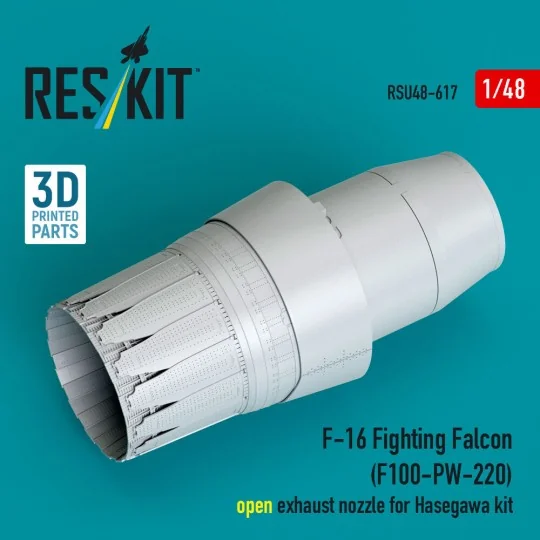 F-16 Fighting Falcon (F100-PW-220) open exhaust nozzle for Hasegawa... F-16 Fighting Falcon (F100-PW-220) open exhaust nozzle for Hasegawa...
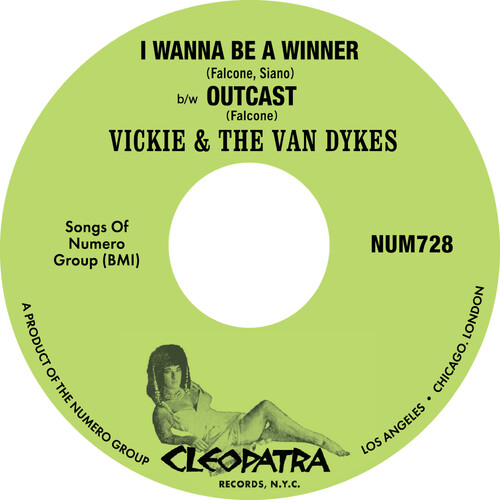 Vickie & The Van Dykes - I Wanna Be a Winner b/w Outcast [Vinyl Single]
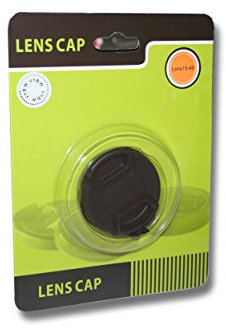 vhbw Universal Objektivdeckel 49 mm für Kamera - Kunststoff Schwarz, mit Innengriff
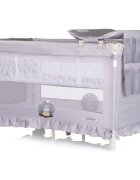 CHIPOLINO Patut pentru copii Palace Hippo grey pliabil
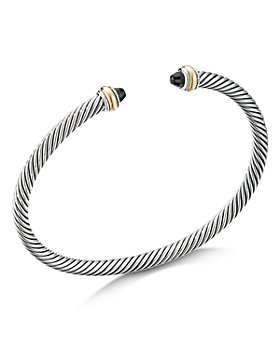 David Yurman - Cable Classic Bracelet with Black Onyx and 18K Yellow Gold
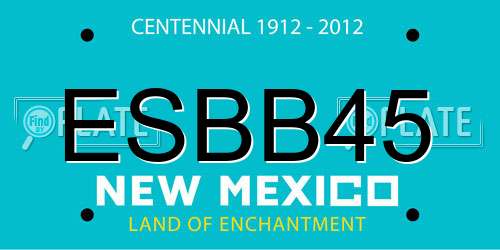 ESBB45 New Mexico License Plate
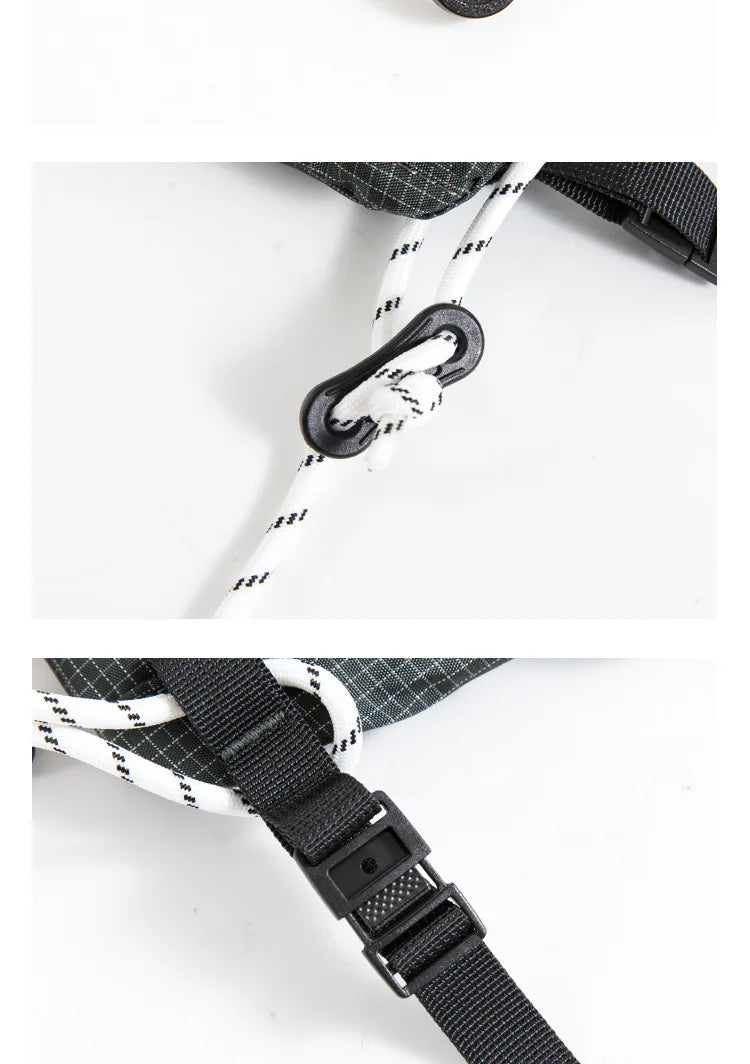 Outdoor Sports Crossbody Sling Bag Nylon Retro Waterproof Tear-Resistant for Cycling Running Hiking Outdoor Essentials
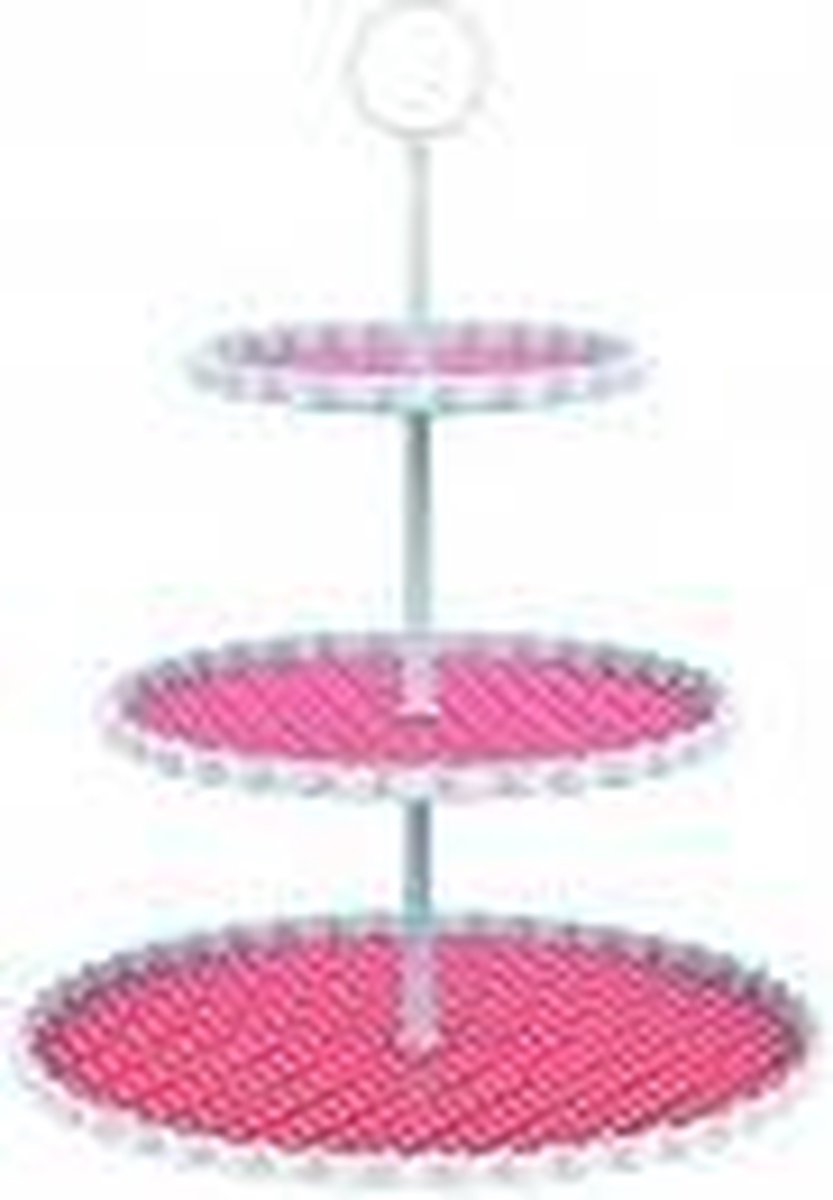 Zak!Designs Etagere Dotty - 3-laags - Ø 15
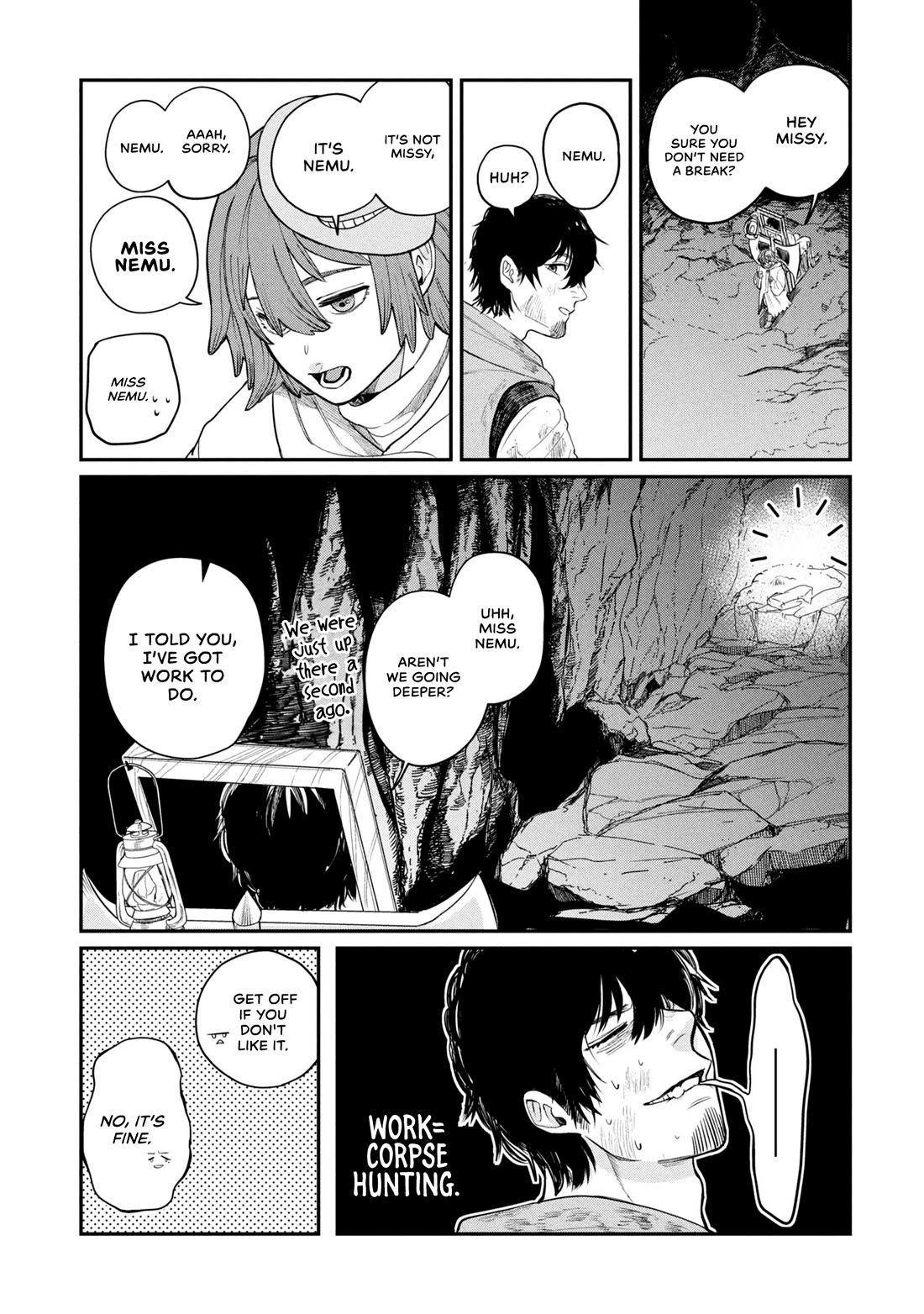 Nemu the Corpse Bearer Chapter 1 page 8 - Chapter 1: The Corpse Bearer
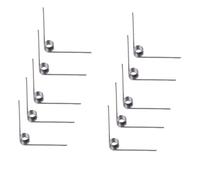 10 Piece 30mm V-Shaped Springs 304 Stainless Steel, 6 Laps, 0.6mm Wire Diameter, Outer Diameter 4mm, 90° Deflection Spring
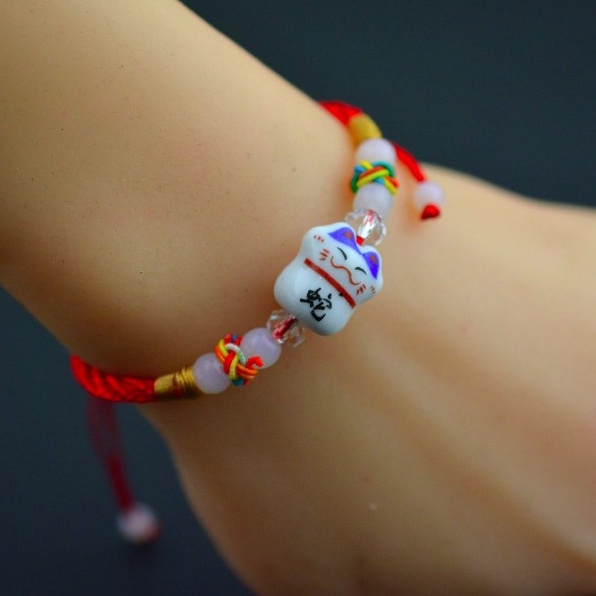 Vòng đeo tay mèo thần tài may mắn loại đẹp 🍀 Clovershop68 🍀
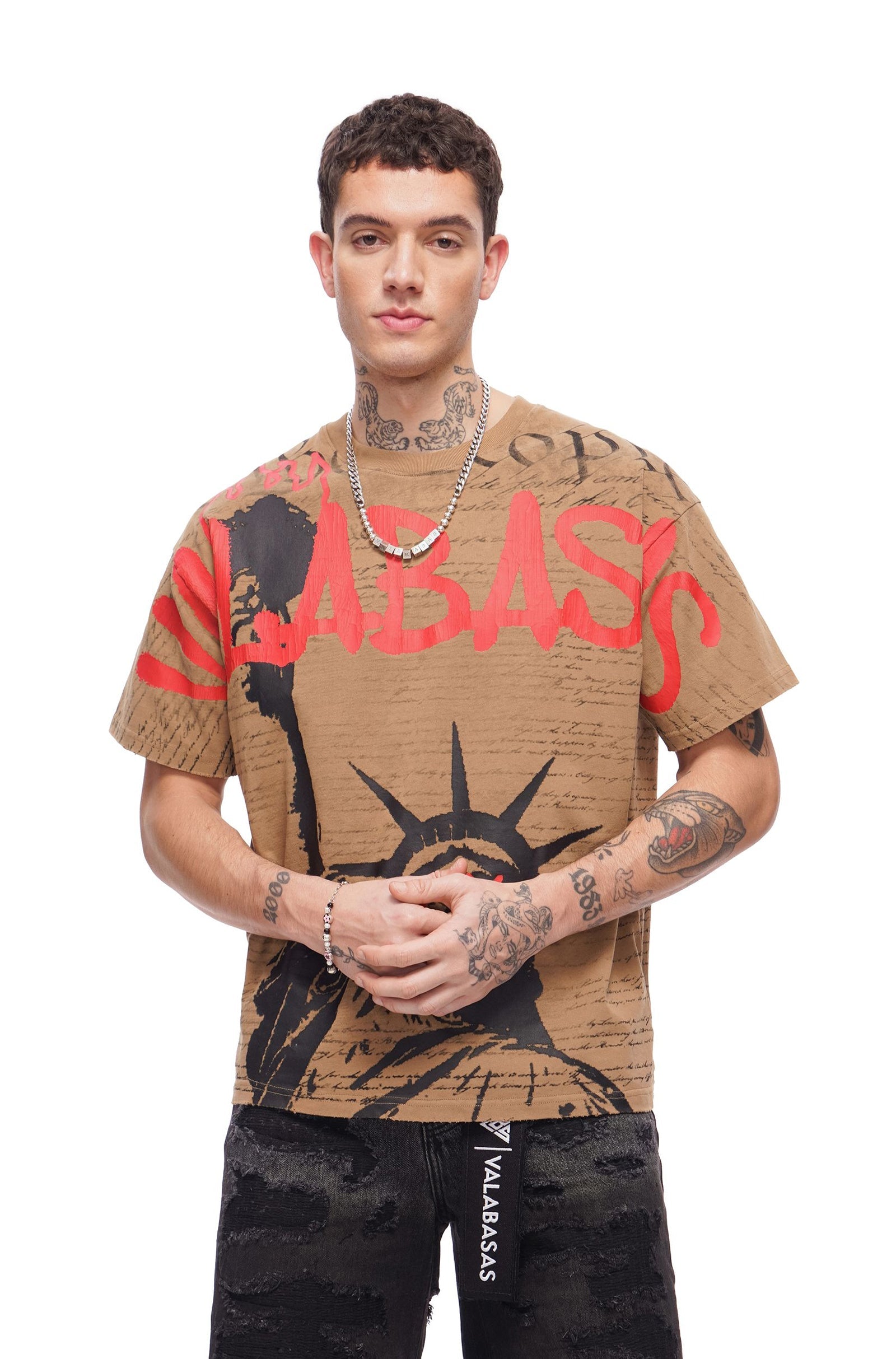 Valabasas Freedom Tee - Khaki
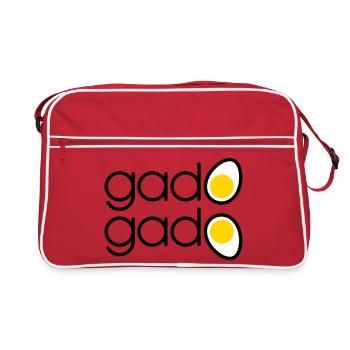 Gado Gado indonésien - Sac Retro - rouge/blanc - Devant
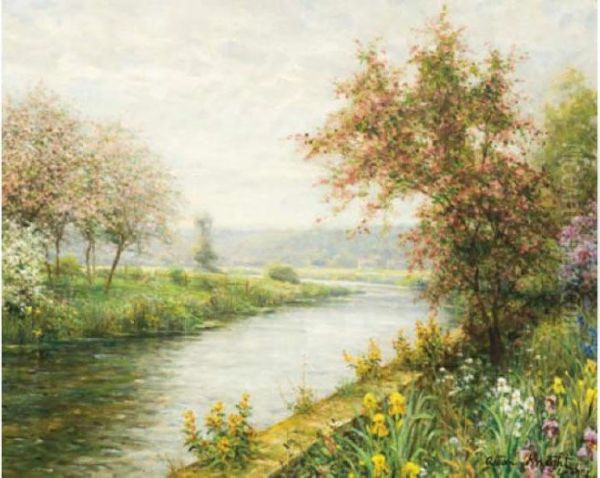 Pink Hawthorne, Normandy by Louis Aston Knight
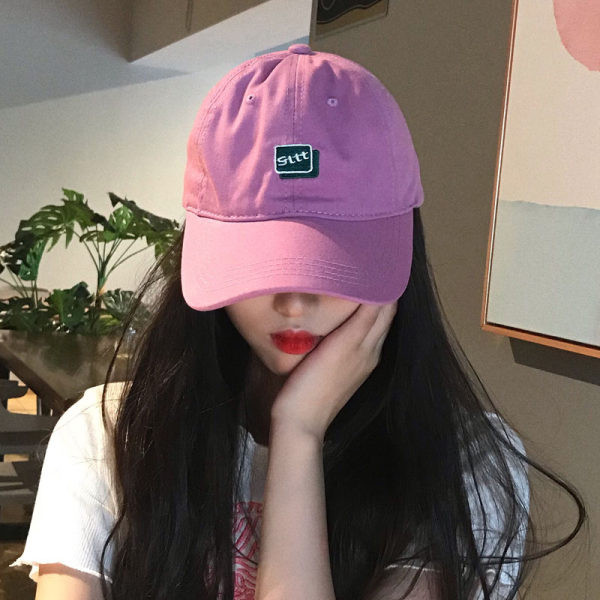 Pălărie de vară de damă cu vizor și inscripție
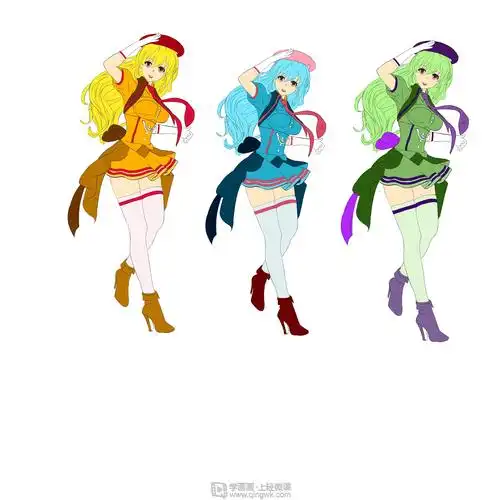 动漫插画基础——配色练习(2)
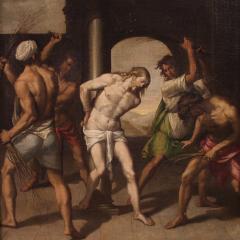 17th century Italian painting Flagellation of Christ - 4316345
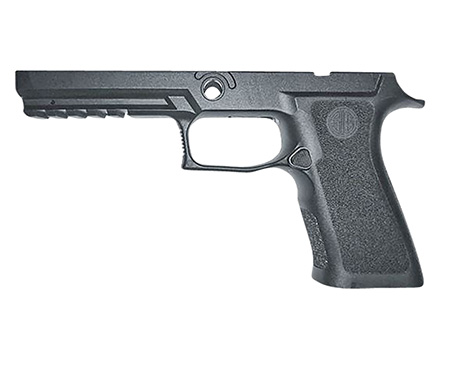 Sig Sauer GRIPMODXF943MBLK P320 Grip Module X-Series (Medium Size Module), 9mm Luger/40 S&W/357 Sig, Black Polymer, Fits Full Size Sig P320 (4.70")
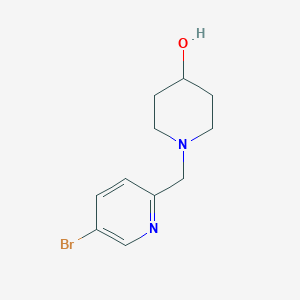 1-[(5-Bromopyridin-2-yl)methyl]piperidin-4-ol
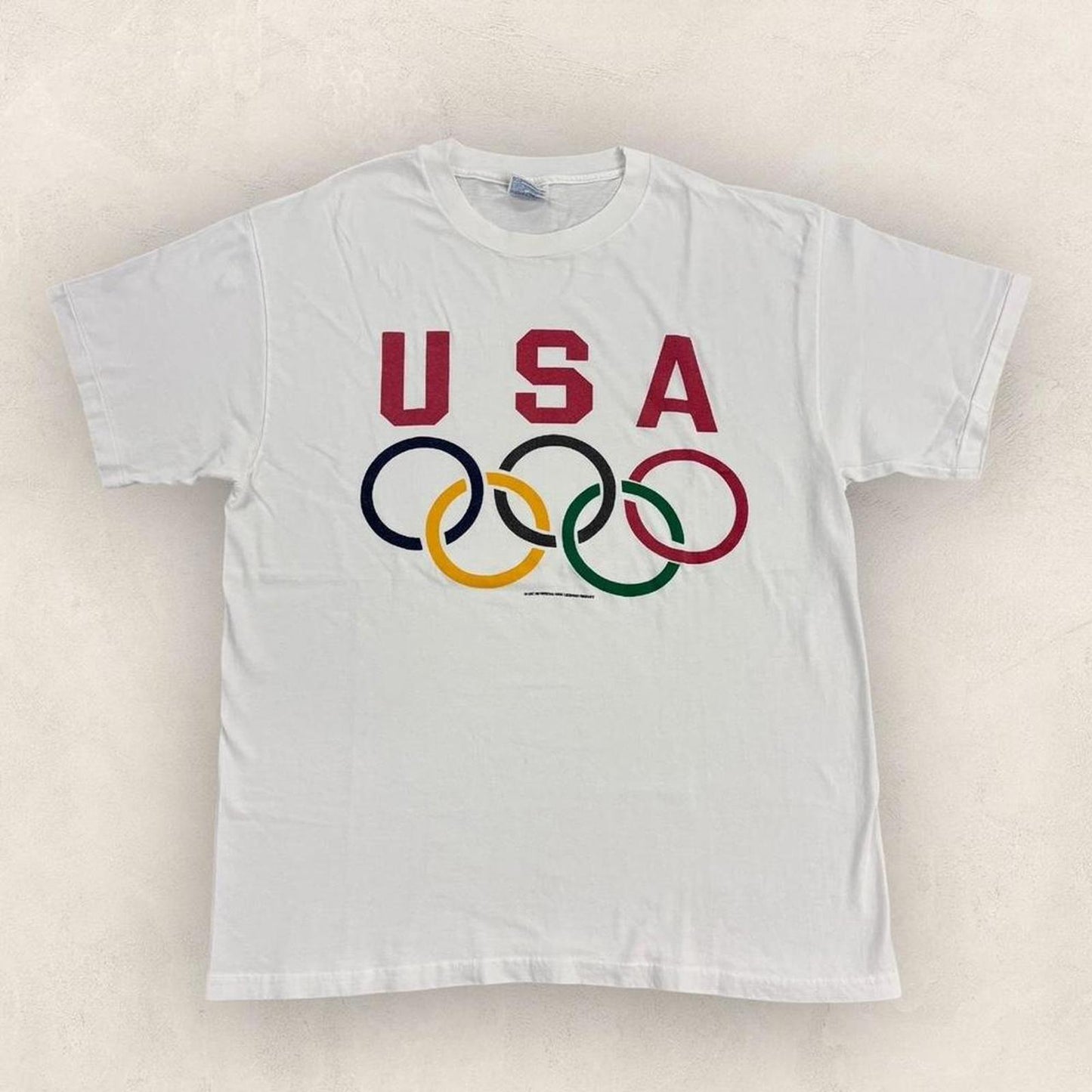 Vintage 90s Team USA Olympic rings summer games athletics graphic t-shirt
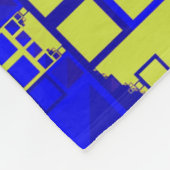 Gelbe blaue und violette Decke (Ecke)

___

WORK TO BE COMPLETED:
With the pictures omitted, copy exactly the lines of the listing above starting at the line containing "Vòng đeo tay" and ending at the line containing "Vintage 90s Team", both included.

TASK OUTPUT:
 Vòng đeo tay mèo thần tài may mắn loại đẹp 🍀 Clovershop68 🍀
 Valabasas Freedom Tee - Khaki
 Gado Gado indonésien - Sac Retro - rouge/blanc - Devant
 Pink Hawthorne, Normandy by Louis Aston Knight
 Pălărie de vară de damă cu vizor și inscripție
 动漫插画基础——配色练习(2)
 17th century Italian painting Flagellation of Christ - 4316345
 Sig Sauer GRIPMODXF943MBLK P320 Grip Module X-Series (Medium Size Module), 9mm Luger/40 S&W/357 Sig, Black Polymer, Fits Full Size Sig P320 (4.70")
 1-[(5-Bromopyridin-2-yl)methyl]piperidin-4-ol
 Vintage 90s Team USA Olympic rings summer games athletics graphic t-shirt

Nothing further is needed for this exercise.